**What you need to do:** Exactly as they appear, print the line with "Voertuigafbeelding 35" and each line after it through the end of the entries below; leave out pictures.

****************

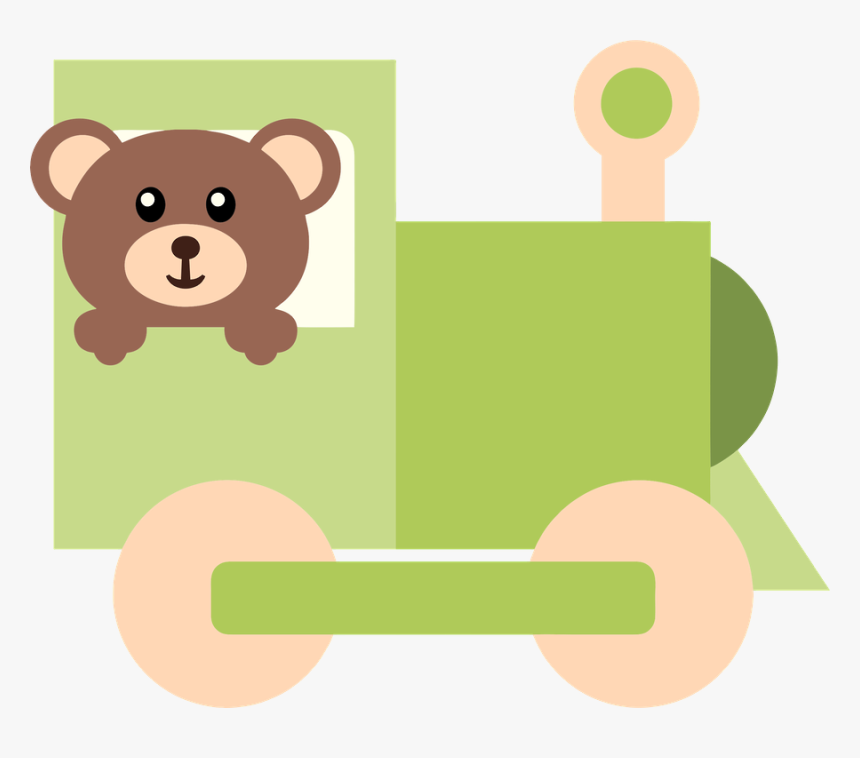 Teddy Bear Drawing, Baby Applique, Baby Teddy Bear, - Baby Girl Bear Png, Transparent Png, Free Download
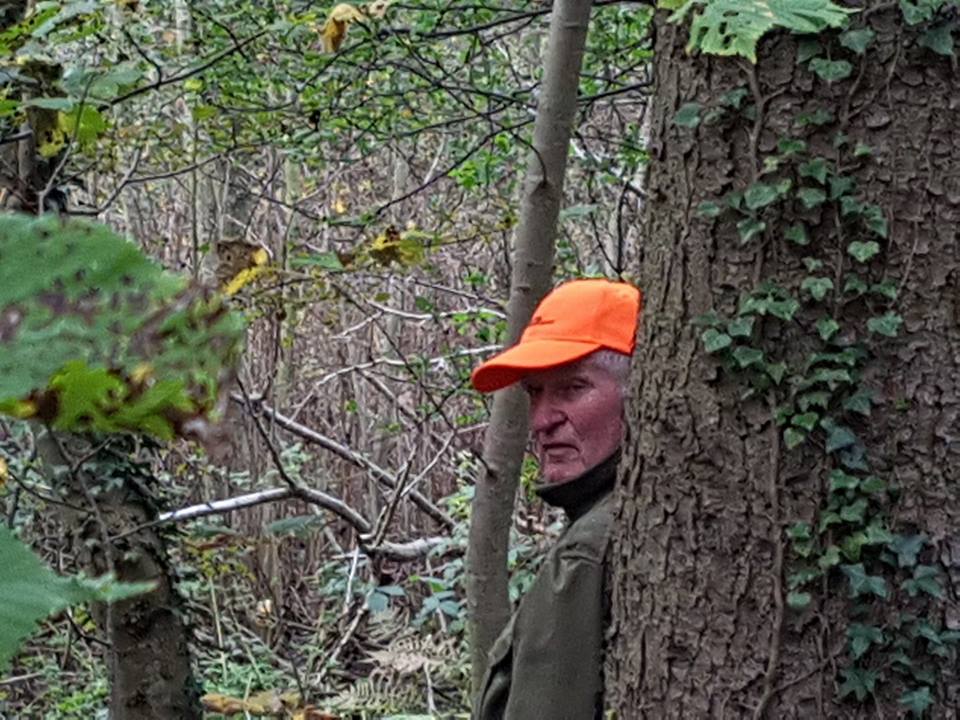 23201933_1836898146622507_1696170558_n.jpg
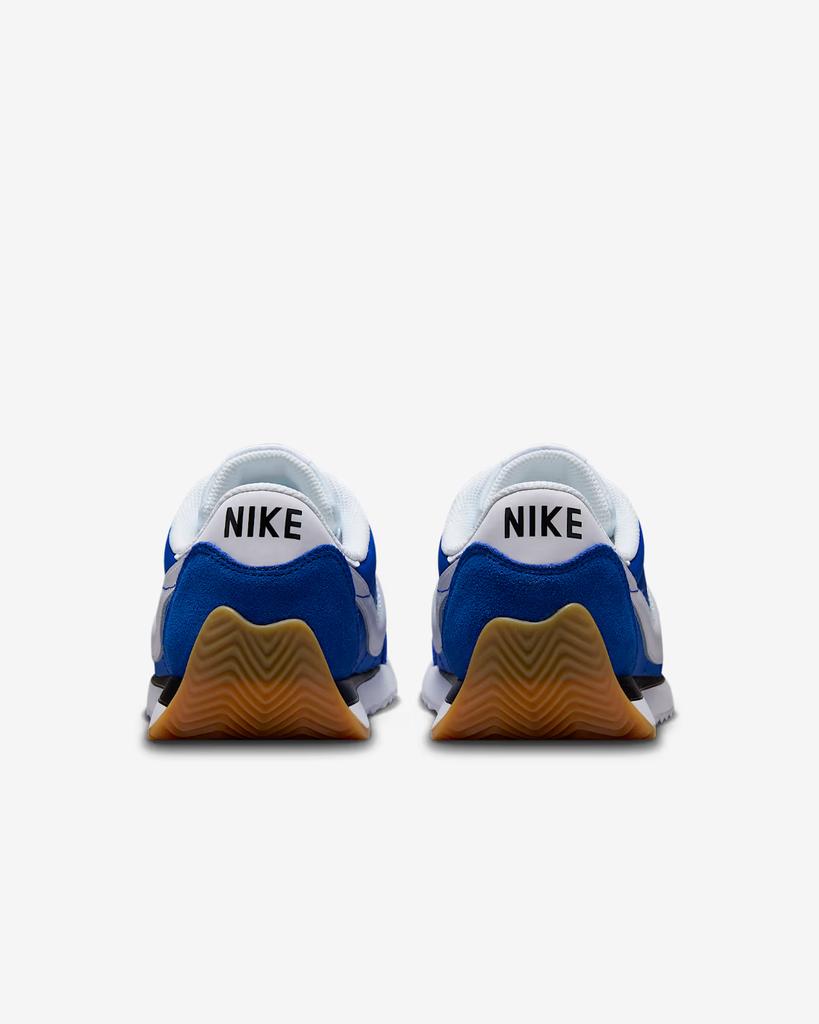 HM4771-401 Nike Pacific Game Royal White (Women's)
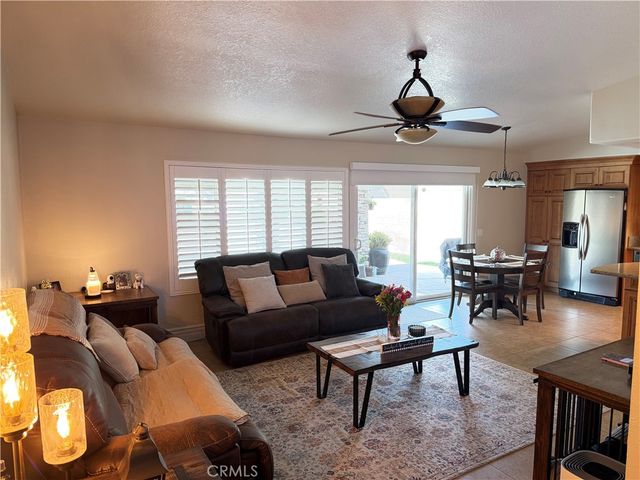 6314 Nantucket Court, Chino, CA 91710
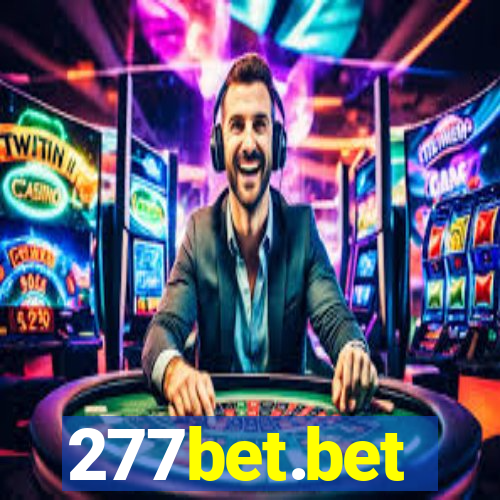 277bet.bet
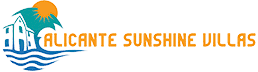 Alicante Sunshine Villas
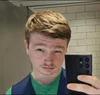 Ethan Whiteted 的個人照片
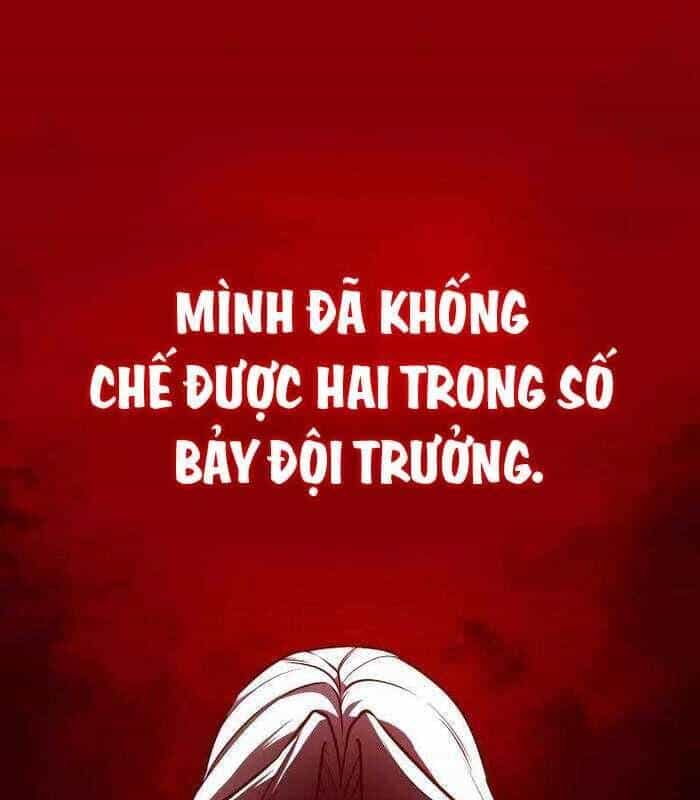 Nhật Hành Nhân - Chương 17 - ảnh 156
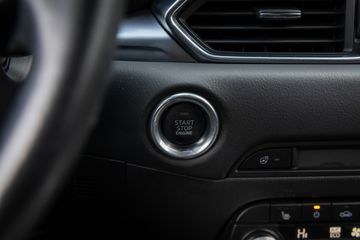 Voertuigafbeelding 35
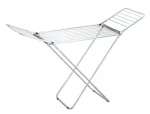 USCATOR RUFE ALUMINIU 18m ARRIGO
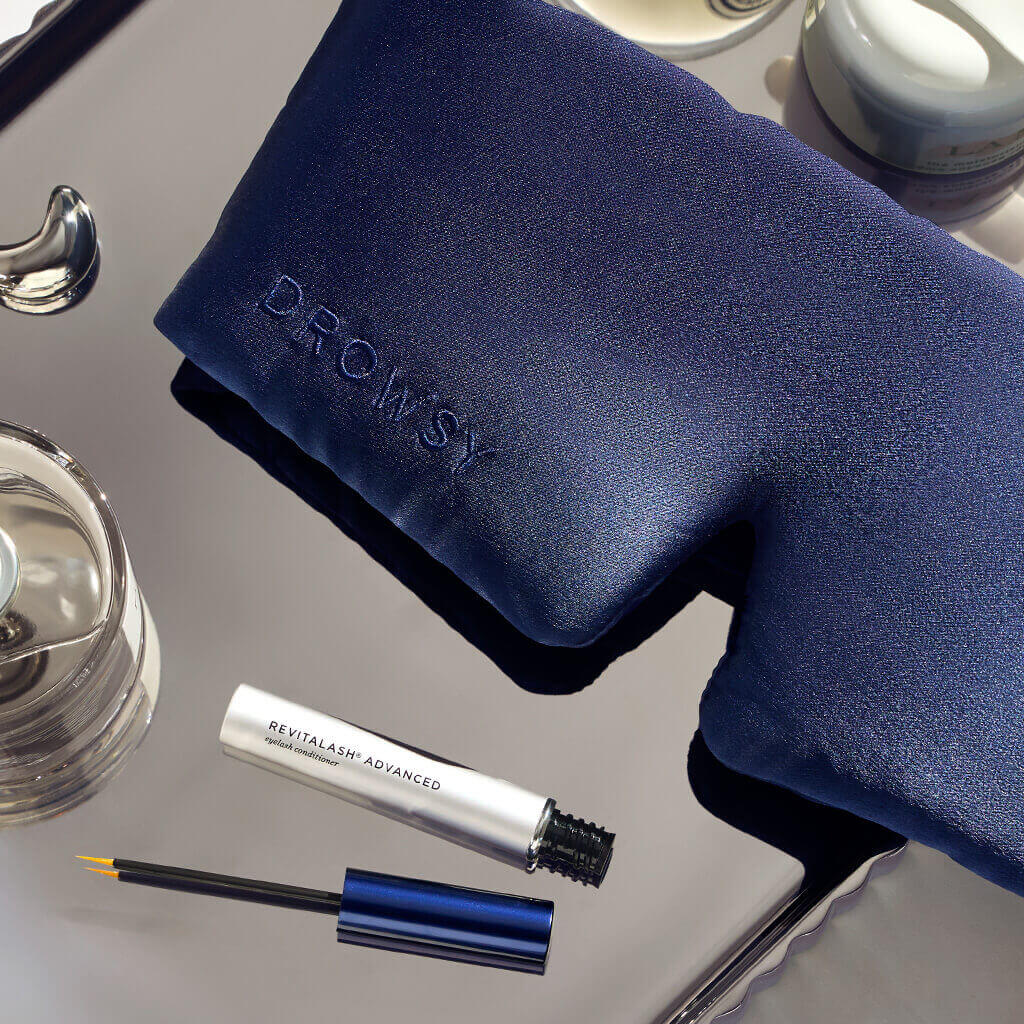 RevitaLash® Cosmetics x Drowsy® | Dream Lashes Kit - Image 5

****************

**Solution:**
 Voertuigafbeelding 35
 USCATOR RUFE ALUMINIU 18m ARRIGO
 RevitaLash® Cosmetics x Drowsy® | Dream Lashes Kit - Image 5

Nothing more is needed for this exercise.